◆ **REQUIREMENT**: Except for the pictures, write out all the records that follow exactly.

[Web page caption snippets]
((

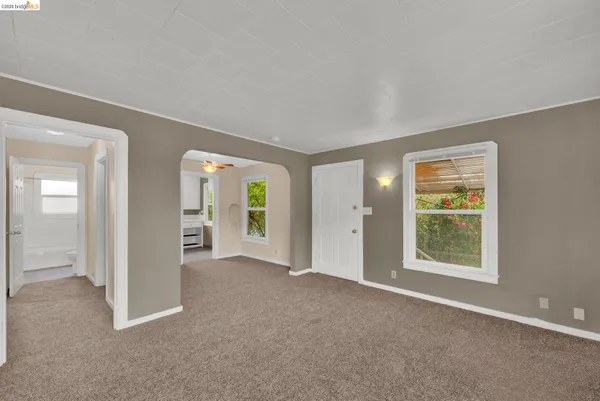 an empty room with windows and closet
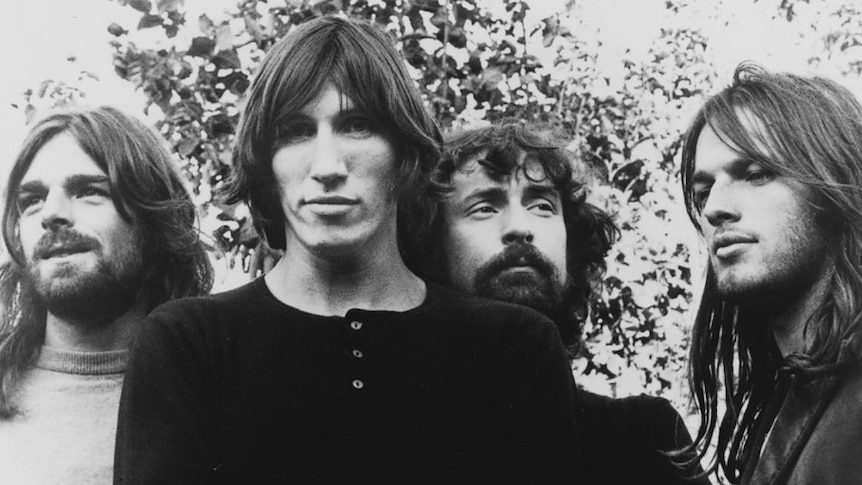 The four members of Pink Floyd pose for a publicity photo outside.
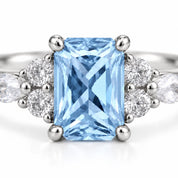 closeup view of 1.34 Carat Radiant Cut Diamond Ring with Marquise and Round Diamonds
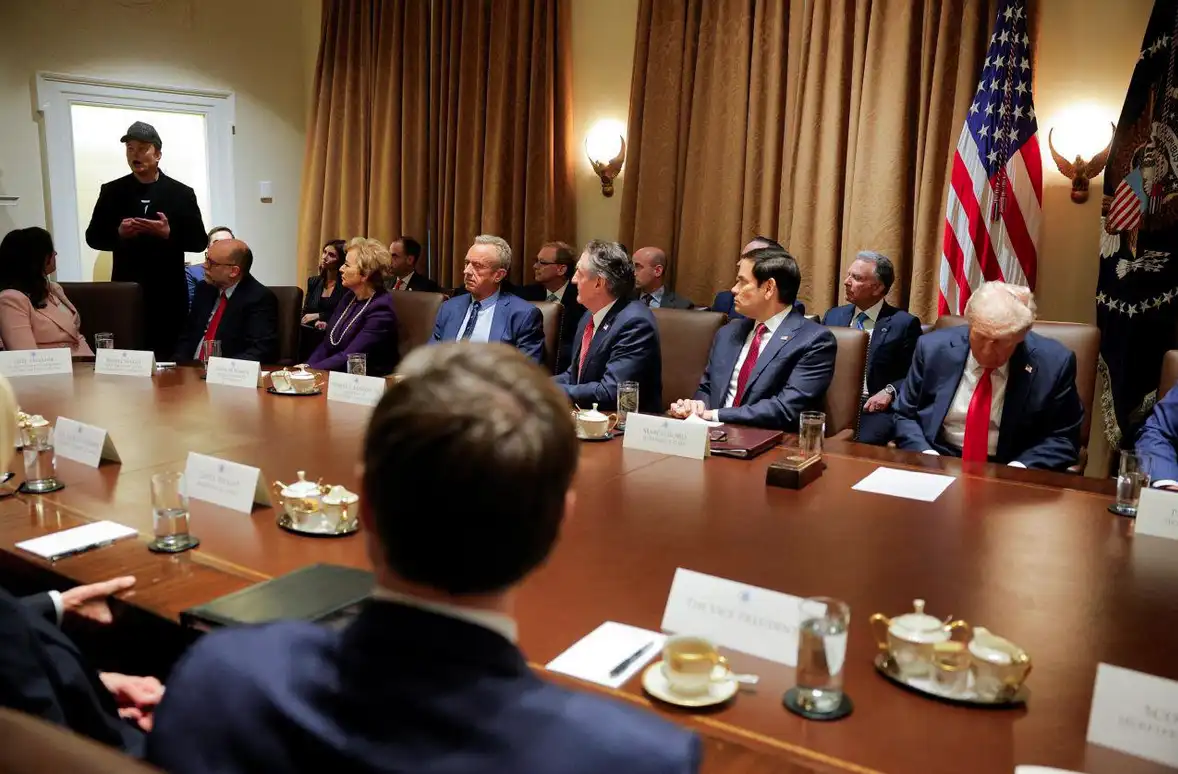 A photo of a formal meeting with several officials seated around a large wooden table, including Donald Trump seated at the…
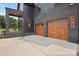 Modern home featuring a brick facade and two-car wooden garage at 309 Sain Rd, Statesville, NC 28625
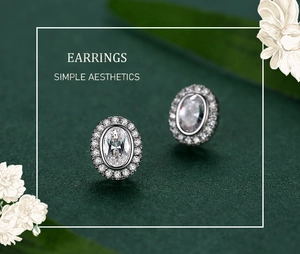 Detailed close-up of S925 silver oval halo earrings on an elegant green background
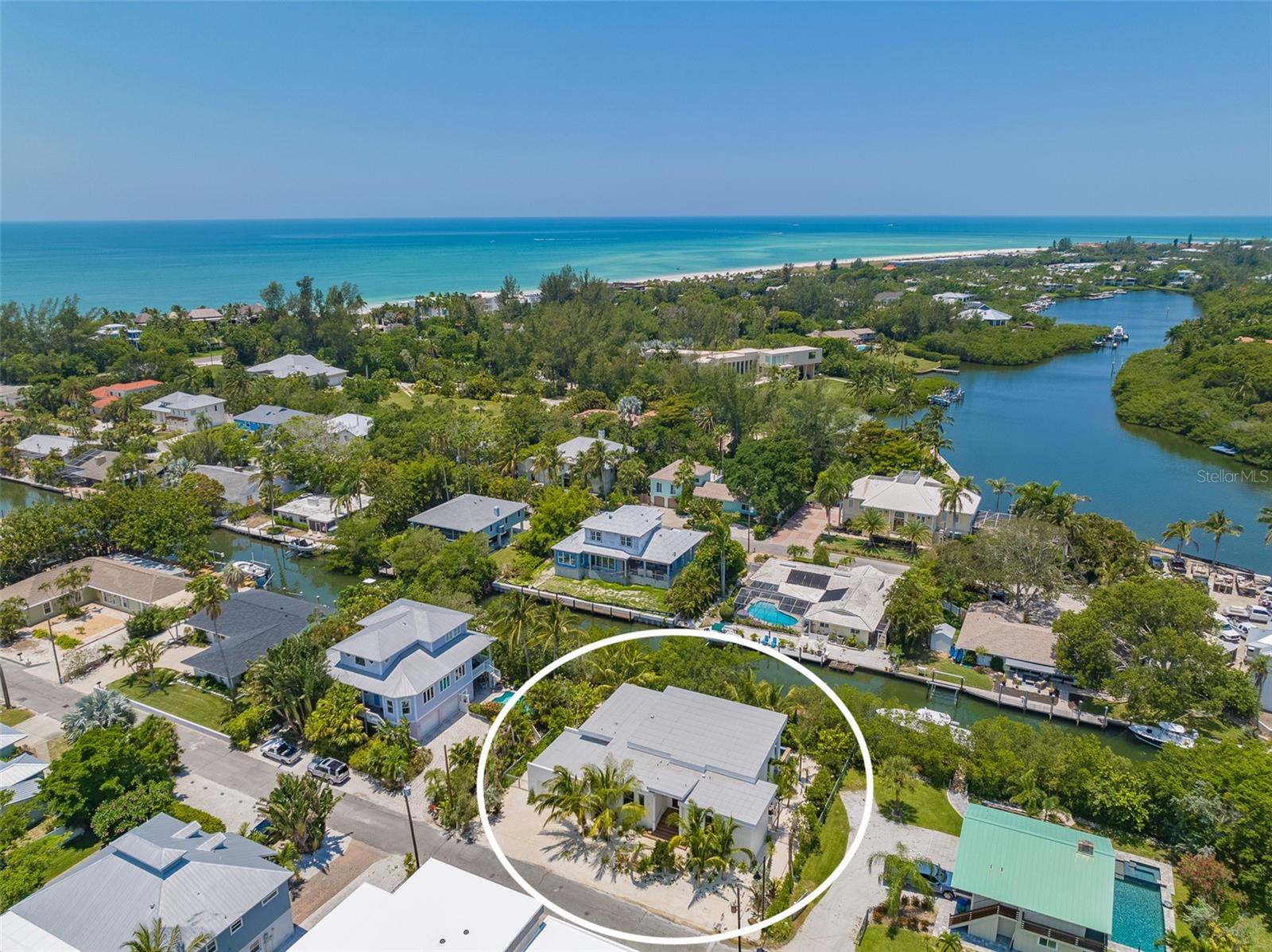 Offered fully furnished, this stunning, brand new custom estate home is nestled on one of the last remaining canal lots on the exclusive north end of Longboat Key. Designed by architect Bob Rokop and built by Mason Martin builders, this project is the perfect combination of artistry and craftmanship. This supremely private island retreat sits on a lushly landscaped lot with 100 ft of waterfront. Take your bike or paddleboard to nearby restaurants or walk to one of the world-renowned beaches of the Gulf coast. The floorplan allows for 3 ½ bathrooms and 3 spacious en suite bedrooms sharing no common walls, allowing for ultimate privacy within the home. Single level living allows for soaring sloped ceilings, reaching interior heights of 15 ft and the vaulted roofline extends to the outdoors, providing shaded space for entertaining. Outdoor living is highlighted by a 35 ft long lap pool and an expansive terrace for sunbathing and al fresco dining. The home’s gourmet kitchen includes custom solid wood box cabinet construction, quartz countertops, and offers the highest quality appliances from Wolf and Sub Zero. Kitchen and bathrooms include top of the line Waterworks fixtures. The master bathroom is complete with a floating double vanity, soaking tub and floor to ceiling natural stone wall tiles. Designed in perfect harmony with its surroundings, the main living area contains over 40 ft of glass sliders that are 10 ft tall with clerestory glass above, merging exterior and interior spaces seamlessly and bringing natural light and landscape into the home. Timeless design elements of the residence revolve around the fundamentals of gulf coast mid-century architecture, including an open plan design, simple overall volumes and premier construction methods. This breathtaking property is minutes away from everything the island has to offer, yet a world apart.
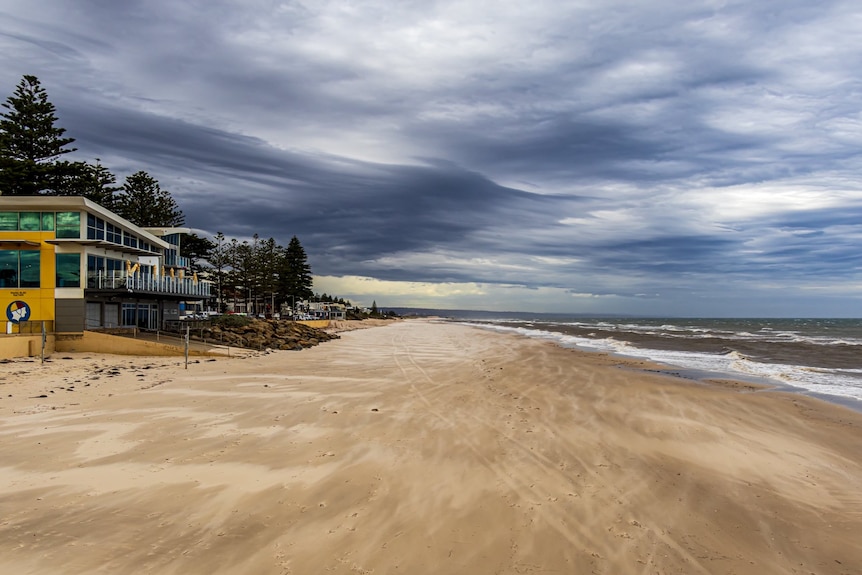 Dark grey clouds above a sweeping sandy beach and waves along the coast of Henley Beach. Waves crash against the sand.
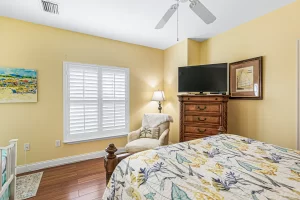 Windsong Bedroom chair, ceiling fan, and dresser - Windemere Inn Florida bed and breakfast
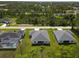 Aerial view showcasing the home's neighborhood and surrounding area at 14194 Wenzel Ave, Port Charlotte, FL 33981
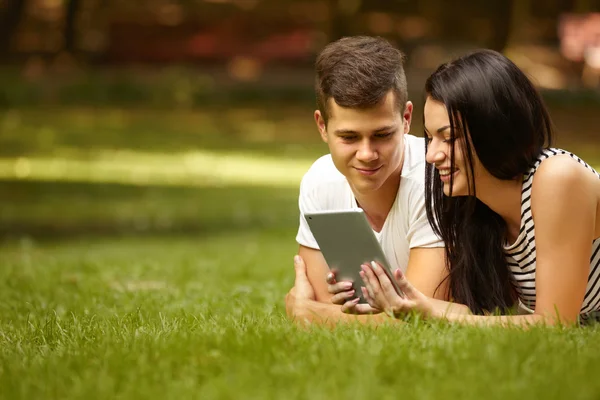 Ehepaar nutzt elektronisches Tablet im Sommerpark — Stockfoto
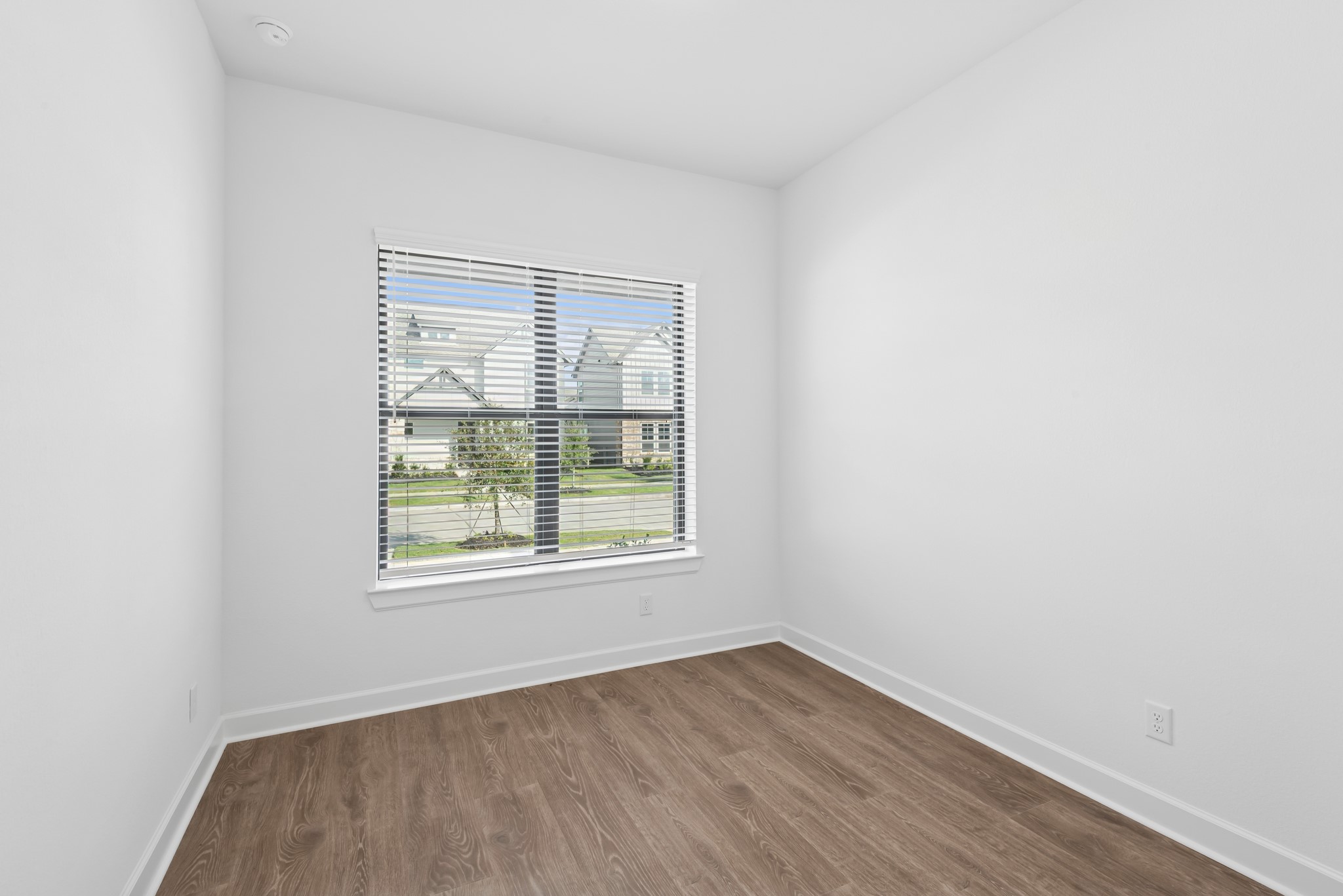 5510 Orangery Lane Manvel, TX 77578 - Photo 13 of 48 an empty room with wooden floor and windows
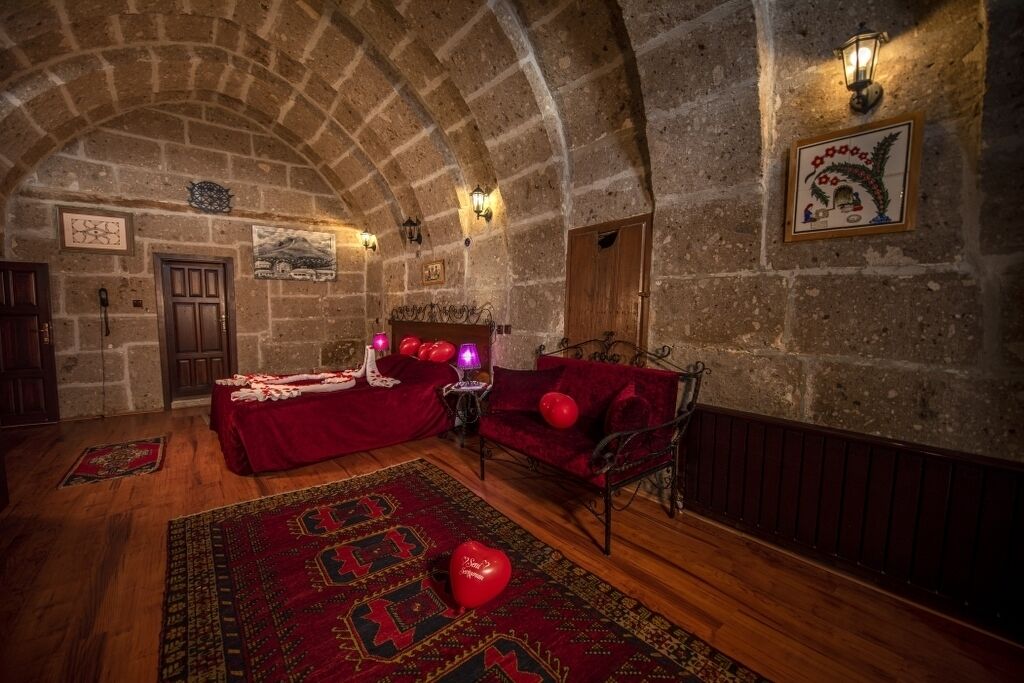 Una habitación acogedora con techo abovedado de piedra, un sofá rojo, una cama con manta roja y una alfombra estampada.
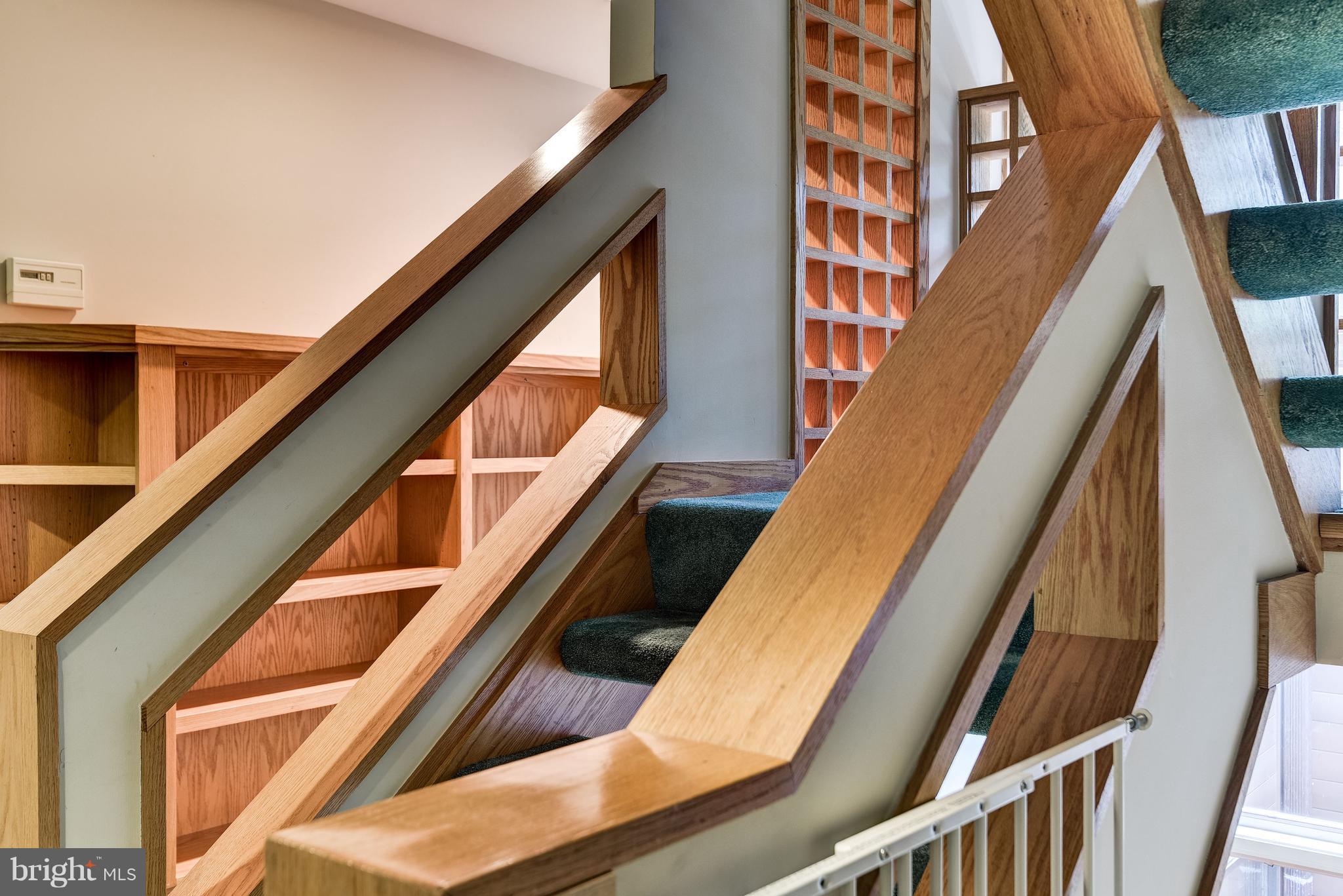 8925 Burning Tree Road Bethesda, MD 20817 - Photo 19 of 22 Staircase leading to Storage and Cedar Closet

))

◆ **THE COMPLETED TASK**:
 an empty room with windows and closet
 The four members of Pink Floyd pose for a publicity photo outside.
 closeup view of 1.34 Carat Radiant Cut Diamond Ring with Marquise and Round Diamonds
 A photo of a formal meeting with several officials seated around a large wooden table, including Donald Trump seated at the…
 Modern home featuring a brick facade and two-car wooden garage at 309 Sain Rd, Statesville, NC 28625
 Detailed close-up of S925 silver oval halo earrings on an elegant green background
 Offered fully furnished, this stunning, brand new custom estate home is nestled on one of the last remaining canal lots on the exclusive north end of Longboat Key. Designed by architect Bob Rokop and built by Mason Martin builders, this project is the perfect combination of artistry and craftmanship. This supremely private island retreat sits on a lushly landscaped lot with 100 ft of waterfront. Take your bike or paddleboard to nearby restaurants or walk to one of the world-renowned beaches of the Gulf coast. The floorplan allows for 3 ½ bathrooms and 3 spacious en suite bedrooms sharing no common walls, allowing for ultimate privacy within the home. Single level living allows for soaring sloped ceilings, reaching interior heights of 15 ft and the vaulted roofline extends to the outdoors, providing shaded space for entertaining. Outdoor living is highlighted by a 35 ft long lap pool and an expansive terrace for sunbathing and al fresco dining. The home’s gourmet kitchen includes custom solid wood box cabinet construction, quartz countertops, and offers the highest quality appliances from Wolf and Sub Zero. Kitchen and bathrooms include top of the line Waterworks fixtures. The master bathroom is complete with a floating double vanity, soaking tub and floor to ceiling natural stone wall tiles. Designed in perfect harmony with its surroundings, the main living area contains over 40 ft of glass sliders that are 10 ft tall with clerestory glass above, merging exterior and interior spaces seamlessly and bringing natural light and landscape into the home. Timeless design elements of the residence revolve around the fundamentals of gulf coast mid-century architecture, including an open plan design, simple overall volumes and premier construction methods. This breathtaking property is minutes away from everything the island has to offer, yet a world apart.
 Dark grey clouds above a sweeping sandy beach and waves along the coast of Henley Beach. Waves crash against the sand.
 Windsong Bedroom chair, ceiling fan, and dresser - Windemere Inn Florida bed and breakfast
 Aerial view showcasing the home's neighborhood and surrounding area at 14194 Wenzel Ave, Port Charlotte, FL 33981
 Ehepaar nutzt elektronisches Tablet im Sommerpark — Stockfoto
 5510 Orangery Lane Manvel, TX 77578 - Photo 13 of 48 an empty room with wooden floor and windows
 Una habitación acogedora con techo abovedado de piedra, un sofá rojo, una cama con manta roja y una alfombra estampada.
 8925 Burning Tree Road Bethesda, MD 20817 - Photo 19 of 22 Staircase leading to Storage and Cedar Closet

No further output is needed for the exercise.